Normal fetal and neonatal calcium homeostasis is dependent upon an adequate supply of calcium from maternal sources. Both maternal hypercalcemia and hypocalcemia can cause metabolic bone disease or disorders of calcium homeostasis in neonates. Maternal hypercalcemia can suppress fetal parathyroid function and cause neonatal hypocalcemia. Conversely, maternal hypocalcemia can stimulate fetal parathyroid tissue causing bone demineralization. We report two asymptomatic women, one with previously unrecognized hypoparathyroidism and the other with unrecognized familial benign hypercalcemia, who were diagnosed when their newborn infants presented with abnormalities of calcium metabolism. J.B. was born at 34 weeks' gestation with transient hyperbilirubinemia and thrombocytopenia. At 1 month of age he had severe bone demineralization, cortical irregularities, widening and cupping of the metaphyses, and lucent bands in the scapulae. The total serum calcium and phosphorus were normal with an ionized calcium of 5.4 mg/dL (4.6-5.4). His alkaline phosphatase, parathyroid hormone, and 1,25-dihydroxyvitamin D levels were all increased. P.B., mother of J.B., had no symptoms of hypocalcemia either prior to, or during this pregnancy. She had severe hypocalcemia and hyperphosphatemia, laboratory values typical of hypoparathyroidism. J.N. presented at 6 weeks of age with new onset of seizures and tetany secondary to severe hypocalcemia. The serum phosphorus, creatinine, alkaline phosphatase, and parathyroid hormone levels were normal. At 15 weeks of age his calcium was slightly elevated with a low fractional excretion of calcium. P.N., mother of J.N., had no symptoms of hypercalcemia either prior to, or during this pregnancy. Her serum calcium was 12.7 mg/dL and urine calcium was 66.5 mg/24 hr, with a low fractional excretion of calcium ranging from 0.0064 to 0.0073. P.N. has a brother who previously had parathyroid surgery. Both J.N. and P.N. meet the diagnostic criteria for familial benign hypercalcemia. These cases illustrate the important relationships between maternal serum calcium levels and neonatal calcium homeostasis. They emphasize the need to assess maternal calcium levels when infants are born with abnormal serum calcium levels or metabolic bone disease.

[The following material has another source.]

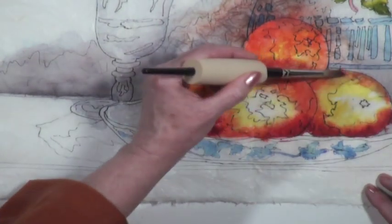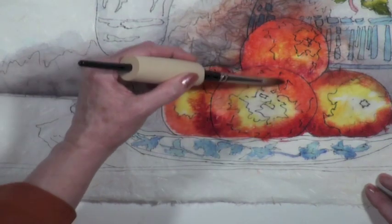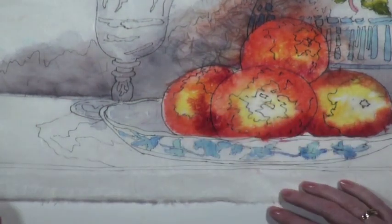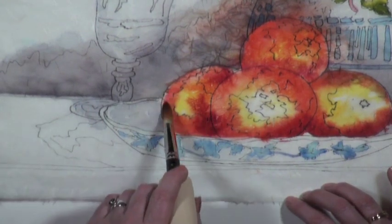This is pretty wet right now, but it's sort of giving me some dimension. Here I didn't paint all the way to the line — I don't want a white rim there. So I'm going to put water and let's just see how it scoops over.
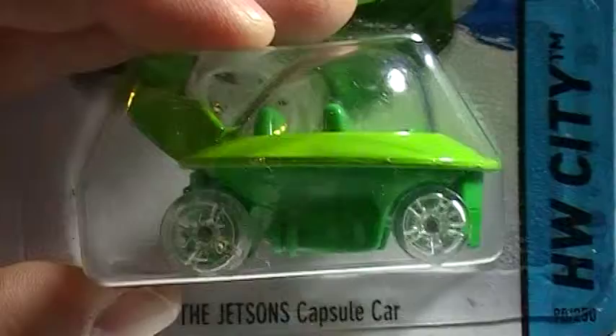Hey there YouTube, South Georgia Hot Wheels here doing a quickie review of the Jetsons capsule car, just opening it up and taking a look at it. I've been wanting to crack one open, so I figured we could all crack it together.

正常胎儿和新生儿的钙稳态依赖于母体来源充足的钙供应。母体高钙血症和低钙血症均可导致新生儿代谢性骨病或钙稳态紊乱。母体高钙血症可抑制胎儿甲状旁腺功能并导致新生儿低钙血症。相反,母体低钙血症可刺激胎儿甲状旁腺组织,导致骨质脱矿。我们报告了两名无症状女性,一名患有先前未被识别的甲状旁腺功能减退症,另一名患有未被识别的家族性良性高钙血症,她们在其新生儿出现钙代谢异常时被诊断出来。J.B.在妊娠34周时出生,患有短暂性高胆红素血症和血小板减少症。1个月大时,他出现严重的骨质脱矿、皮质不规则、干骺端增宽和杯口状改变以及肩胛骨透亮带。血清总钙和磷正常,离子钙为5.4mg/dL(4.6 - 5.4)。他的碱性磷酸酶、甲状旁腺激素和1,25 - 二羟维生素D水平均升高。J.B.的母亲P.B.在此次妊娠之前或期间均无低钙血症症状。她患有严重的低钙血症和高磷血症,这些实验室值是甲状旁腺功能减退症的典型表现。J.N.在6周龄时因严重低钙血症出现新发癫痫和手足搐搦。血清磷、肌酐、碱性磷酸酶和甲状旁腺激素水平正常。15周龄时,他的钙略有升高,钙排泄分数较低。J.N.的母亲P.N.在此次妊娠之前或期间均无高钙血症症状。她的血清钙为12.7mg/dL,尿钙为66.5mg/24小时,钙排泄分数较低,范围为0.0064至0.0073。P.N.有一个先前接受过甲状旁腺手术的兄弟。J.N.和P.N.均符合家族性良性高钙血症的诊断标准。这些病例说明了母体血清钙水平与新生儿钙稳态之间的重要关系。它们强调了在婴儿出生时血清钙水平异常或患有代谢性骨病时评估母体钙水平的必要性。